Life itself regenerates.

That is part of its mystery, is it not?

Life is intelligent, much more so than any human being. But to know this once again, we must come to remember our place in this vast Universe. There is an intelligence far more intelligent than human beings will ever be. And this intelligence is sacred. This intelligence is what animates all of life. It is the universal life force. It permeates existence. And, we’ve lost our awe for this intelligence. We think we have it figured out. We think we can recite words that capture this intelligence. We think our dogmas explain it.

We’ve been so deeply conditioned to believe that the sacred is NOT in the land, the air, the water, the trees, animals, plants, rocks and yes, people. We’ve been taught to believe the sacred is not in our deep feeling nature as human beings. We’ve been encouraged to believe that the very things we are destroying are simply objects for our use. It’s too easy for our conditioned minds to view life as something we can research, figure out, understand, and even patent, that it is this deep misunderstanding that has brought us to the brink of great destruction.

Furthermore, many of us have been turned off to anything that smacks of religion, or if we follow a particular religion, many of those religions teach that the sacred is above this lowly earth plane. In believing this, we come to push away anything that we believe is trying to tell us what to believe, how to act, or how we must be in order to be worthy of access to the sacred.

 

A reclamation of the sacredness of life is needed.

Words can point to so many things, and they point to experiences we’ve had in the past, experiences that might be positive or negative or both. So much gets tangled up in a word. Yet, this reclamation that can help us heal is an opportunity; it’s the opportunity to come to know what the word ‘sacred’ means to each of us by way of experience…our very own real life experience.

Words are powerful. We can’t name this that can’t be named. But we can each guide ourselves to really look at our own relationship with this that can’t be named. We can guide ourselves to remember our own experiences of moments when we’ve been profoundly moved by this that can’t be named. And these feelings, these experiences, can be acknowledged with a word, a metaphor, a scent, a flavor, a symbol that speaks uniquely to each of us. Something that puts us back in relationship with that which breathes you.
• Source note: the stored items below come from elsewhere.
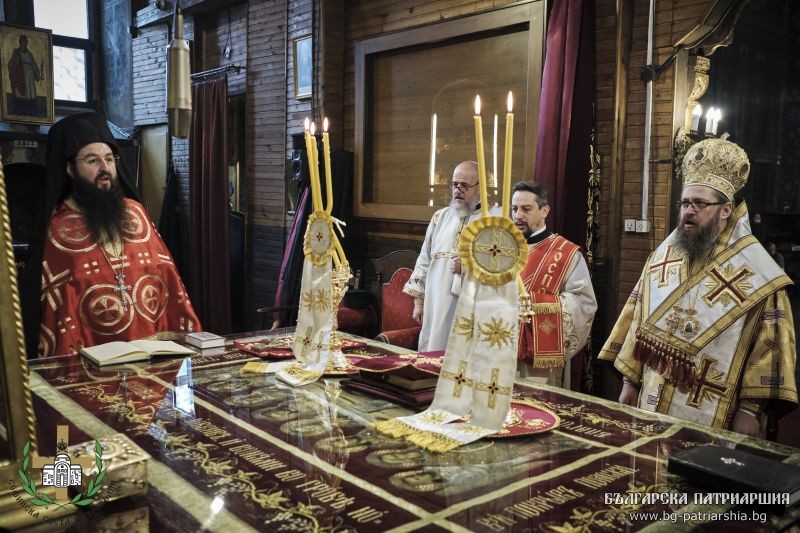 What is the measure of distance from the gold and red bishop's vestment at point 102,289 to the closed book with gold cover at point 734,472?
3.16m

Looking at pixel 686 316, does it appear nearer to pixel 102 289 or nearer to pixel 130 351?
pixel 130 351

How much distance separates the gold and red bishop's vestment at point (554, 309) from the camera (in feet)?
12.4

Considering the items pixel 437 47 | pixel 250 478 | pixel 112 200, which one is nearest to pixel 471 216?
pixel 437 47

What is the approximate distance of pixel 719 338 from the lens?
3072 mm

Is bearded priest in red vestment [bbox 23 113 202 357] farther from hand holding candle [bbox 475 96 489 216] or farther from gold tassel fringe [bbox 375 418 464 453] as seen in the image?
hand holding candle [bbox 475 96 489 216]

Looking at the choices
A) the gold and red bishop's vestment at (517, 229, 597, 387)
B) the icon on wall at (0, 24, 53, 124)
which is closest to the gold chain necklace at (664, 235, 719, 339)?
the gold and red bishop's vestment at (517, 229, 597, 387)

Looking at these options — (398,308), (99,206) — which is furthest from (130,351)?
(398,308)

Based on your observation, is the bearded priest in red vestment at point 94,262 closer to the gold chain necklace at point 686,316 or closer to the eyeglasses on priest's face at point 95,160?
the eyeglasses on priest's face at point 95,160

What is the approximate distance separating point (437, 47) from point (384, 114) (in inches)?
35.3

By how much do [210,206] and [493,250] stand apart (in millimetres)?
6915

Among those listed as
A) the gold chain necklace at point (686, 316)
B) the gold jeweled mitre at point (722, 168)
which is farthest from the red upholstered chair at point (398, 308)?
the gold jeweled mitre at point (722, 168)

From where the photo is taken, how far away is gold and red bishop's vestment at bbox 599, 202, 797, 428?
2.96m

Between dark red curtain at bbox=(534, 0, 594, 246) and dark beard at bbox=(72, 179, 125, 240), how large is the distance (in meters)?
2.84

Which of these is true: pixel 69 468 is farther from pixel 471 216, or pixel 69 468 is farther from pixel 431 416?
pixel 471 216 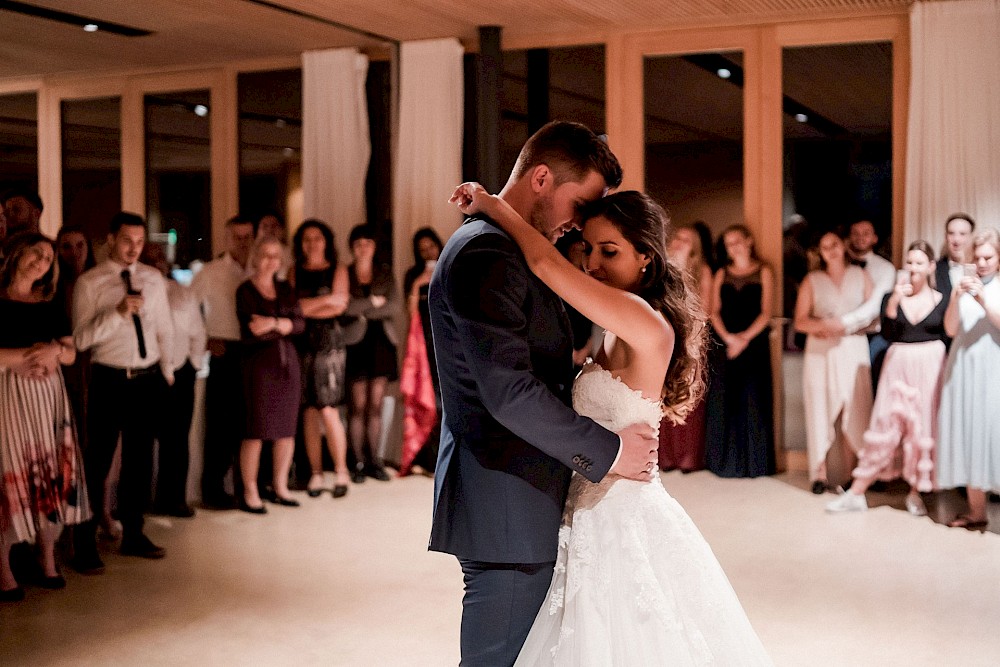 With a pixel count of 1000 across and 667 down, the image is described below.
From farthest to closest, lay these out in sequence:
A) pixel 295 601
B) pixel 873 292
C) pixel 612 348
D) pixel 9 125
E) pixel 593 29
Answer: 1. pixel 593 29
2. pixel 9 125
3. pixel 873 292
4. pixel 295 601
5. pixel 612 348

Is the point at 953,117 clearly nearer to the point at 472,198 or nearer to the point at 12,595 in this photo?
the point at 472,198

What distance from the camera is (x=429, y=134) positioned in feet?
25.5

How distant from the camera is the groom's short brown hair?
85.8 inches

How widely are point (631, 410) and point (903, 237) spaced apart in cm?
508

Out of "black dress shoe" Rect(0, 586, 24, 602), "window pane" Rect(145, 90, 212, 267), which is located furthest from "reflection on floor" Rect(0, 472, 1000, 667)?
"window pane" Rect(145, 90, 212, 267)

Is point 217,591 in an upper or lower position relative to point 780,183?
lower

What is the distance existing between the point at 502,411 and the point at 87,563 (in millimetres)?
3597

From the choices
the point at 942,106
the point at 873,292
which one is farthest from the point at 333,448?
the point at 942,106

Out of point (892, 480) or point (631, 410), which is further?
point (892, 480)

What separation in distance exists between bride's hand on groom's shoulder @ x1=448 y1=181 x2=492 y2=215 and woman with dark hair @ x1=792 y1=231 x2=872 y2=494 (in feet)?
15.3

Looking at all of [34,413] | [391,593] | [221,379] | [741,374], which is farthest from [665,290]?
[741,374]

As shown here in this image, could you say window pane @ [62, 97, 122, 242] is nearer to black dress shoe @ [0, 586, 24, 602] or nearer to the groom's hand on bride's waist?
black dress shoe @ [0, 586, 24, 602]

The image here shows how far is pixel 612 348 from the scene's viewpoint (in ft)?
8.15

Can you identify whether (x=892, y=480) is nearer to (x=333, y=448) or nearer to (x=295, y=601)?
(x=333, y=448) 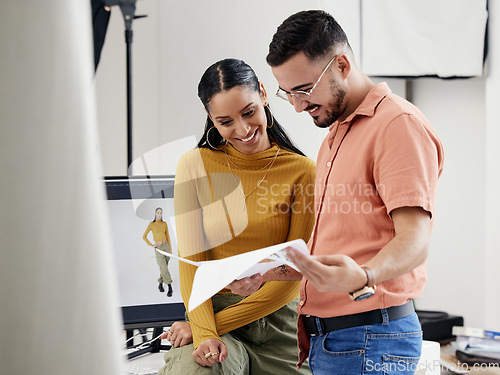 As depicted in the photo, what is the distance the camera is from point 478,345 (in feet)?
7.38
The word you use to describe whatever it is that brings this awe to you matters not. What matters is the acknowledgement that there is something greater than you, or me, or us. What matters is that we find our way back to a relationship with this that is greater than all of us.

 

Consider…

What brings out the feeling that you are connected to something greater than yourself? What brings you back to wonder and awe? What helps you remember there is something greater than you, whether it be community, relationship, humanity, the animal kingdom, Mother Earth…something that compels you to come back to the whole and to wholeness?

When you remember this experience, or these experiences, how do you feel? What do you feel? Where do you feel it?

For me, I notice these things in many small moments, as well as some of the ‘bigger’ life moments I’ve known.

I’ve seen the sacred in those ecstatic moments of my children’s births, or the births of my grandchildren that I was lucky enough to witness. I’ve seen the sacred in those moments of death, pain, and illness of those I love deeply. And sometimes, it’s been the way my arm or hand moves to the music when I dance, or how the warm wind feels when it’s blowing across my face. Sometimes, it’s been the miracle of my grandchild’s small hand with big dimples by each finger that causes my breath to catch.

 

Breath catching is a sure sign of the sacred.

 

Just consider this: You are alive. You ‘eat the blessed earth’ each day. You drink Her waters. You breathe Her air. You are here.

The Earth is this Mystery in form. We are Her.

Let yourself see the amazingness of just this. Then, call it whatever you wish. But, acknowledge that Yes, that something is right here, looking out your eyes, breathing your body, beating your heart. Acknowledge just how close this is to you. And, after really taking this in, acknowledge that what this is is not ordinary at all.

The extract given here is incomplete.